The production environment of Sensedia is multi-cloud and has several Kubernetes clusters distributed on AWS and GCP. It is there that runs the applications and services used by customers.

Basically, in each Kubernetes cluster, Prometheus-Operator is installed to manage only the Prometheus and the exporters needed to collect the metrics. Instead of installing Grafana and Alertmanager in each cluster, it was chosen to install these services in a single cluster.

All metrics collected by Prometheis are sent to VictoriaMetrics, which centralizes their storage and queries. By default, Prometheus-Operator stores metrics locally for just two hours. With VictoriaMetrics, we can store all metrics from all Prometheis for a long time.
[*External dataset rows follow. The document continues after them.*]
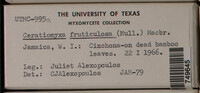 Image Associated With the Occurence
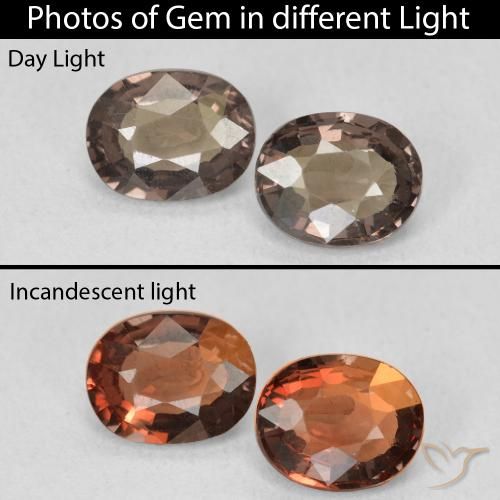 2.23ctw Natural Medium Light Brown Color-Change Garnet, Oval, VVS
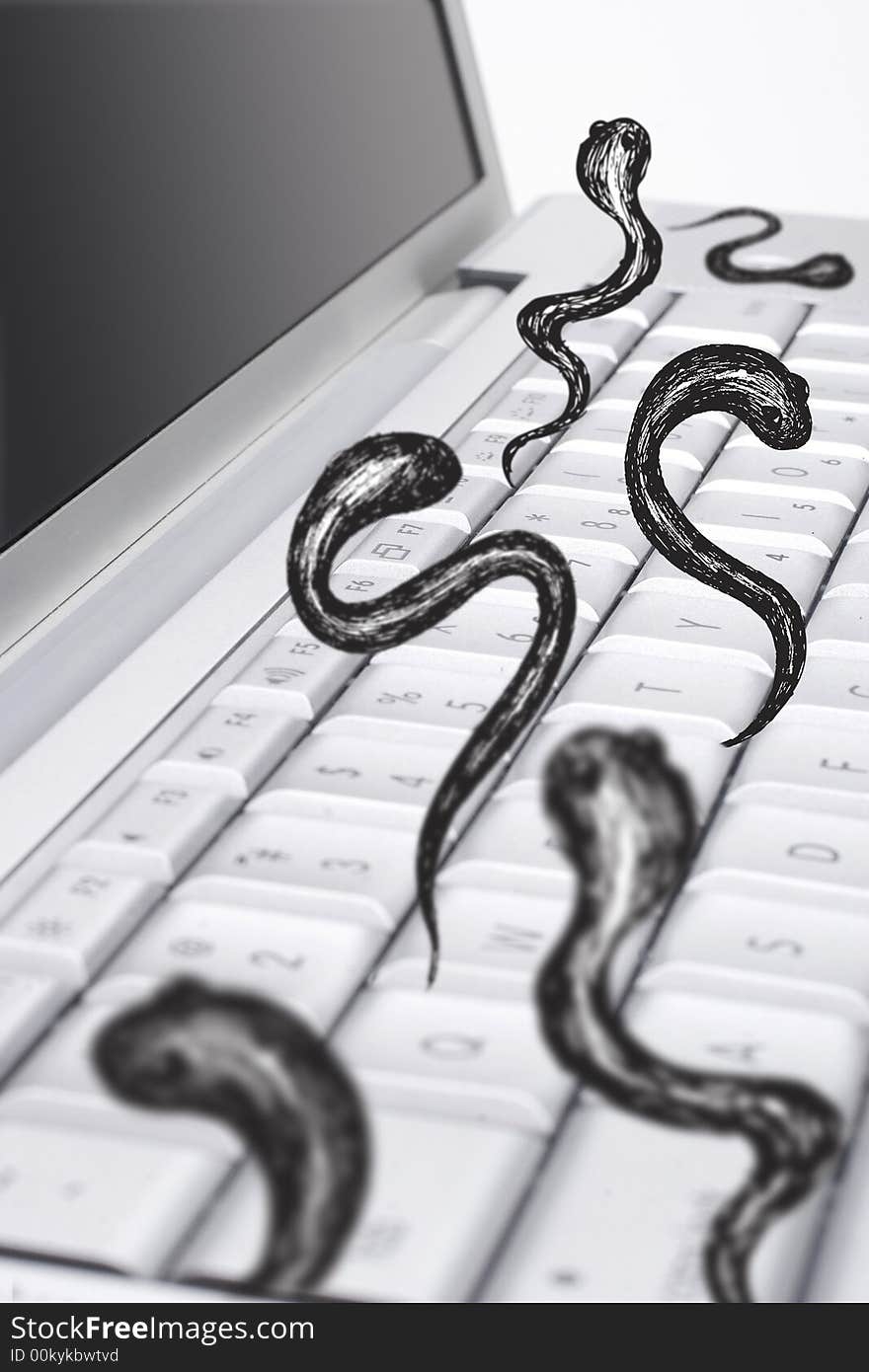 Computer Has Worms!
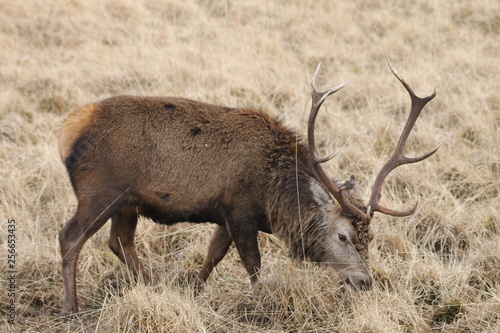 Stag at Glen Etive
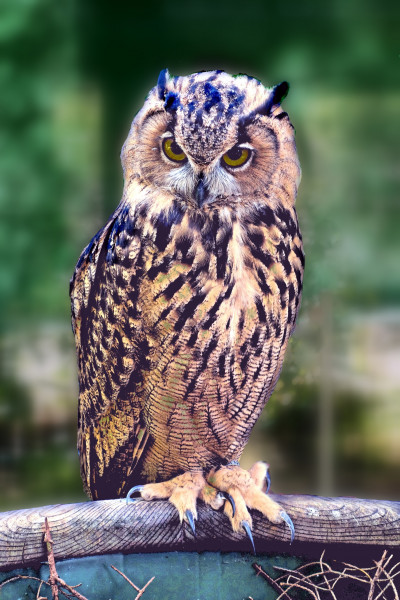 sowa_bird_pharaoh_eagle_owl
Grafana is then configured to connect to VictoriaMetrics to query and display the metrics. Regarding alerts, all Prometheis send to an AlertManager pool. So, the availability and centralization of metrics and alerts are guaranteed. It is worth mentioning that all data is transmitted in encrypted form, and data is made accessible through authentication and from authorized source IPs.

About the numbers:

Volume: 2 TB
Active Time Series: 2.3 Million
Disk Space Usage: 67 GB (metrics are rotated every 15 days)
Ingestion Rate: 40.1 K points/second
Requests Rate: 134 req/second
Total Datapoints: 90.3 billion (metrics are rotated every 15 days)
Network Usage:
- 20 Mbps used only to receive metrics from all Prometheis.
- 70 Kbps used only for checking metrics through Grafana.

The use of this set of tools allows not only application monitoring but also the monitoring of APIs and important aspects for business continuity.

In Summary

In this post, we learned more about a set of tools used to monitor APIs, services, and applications. We also explored a case study of these tools in practice during Black Friday in 2020.